◆ Stored data ◆
= Beginning of Section =

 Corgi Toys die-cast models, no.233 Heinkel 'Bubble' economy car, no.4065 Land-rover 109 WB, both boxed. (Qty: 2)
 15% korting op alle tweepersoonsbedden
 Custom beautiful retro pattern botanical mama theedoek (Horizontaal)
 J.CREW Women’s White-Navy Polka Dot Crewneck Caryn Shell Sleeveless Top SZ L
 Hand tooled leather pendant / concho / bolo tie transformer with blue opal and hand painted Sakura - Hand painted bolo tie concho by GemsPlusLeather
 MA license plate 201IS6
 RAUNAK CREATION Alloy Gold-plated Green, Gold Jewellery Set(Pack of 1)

= End of Section =
= Beginning of Section =

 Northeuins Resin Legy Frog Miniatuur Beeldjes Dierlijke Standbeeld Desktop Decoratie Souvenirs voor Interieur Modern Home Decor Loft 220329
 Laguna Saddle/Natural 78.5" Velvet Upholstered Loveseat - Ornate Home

= End of Section =

◆ Work item ◆
Reproduce exactly the entries above, limited to the lines from the one with "Northeuins Resin Legy" through the one with "- Ornate Home", both included.

◆ Answer space ◆
 Northeuins Resin Legy Frog Miniatuur Beeldjes Dierlijke Standbeeld Desktop Decoratie Souvenirs voor Interieur Modern Home Decor Loft 220329
 Laguna Saddle/Natural 78.5" Velvet Upholstered Loveseat - Ornate Home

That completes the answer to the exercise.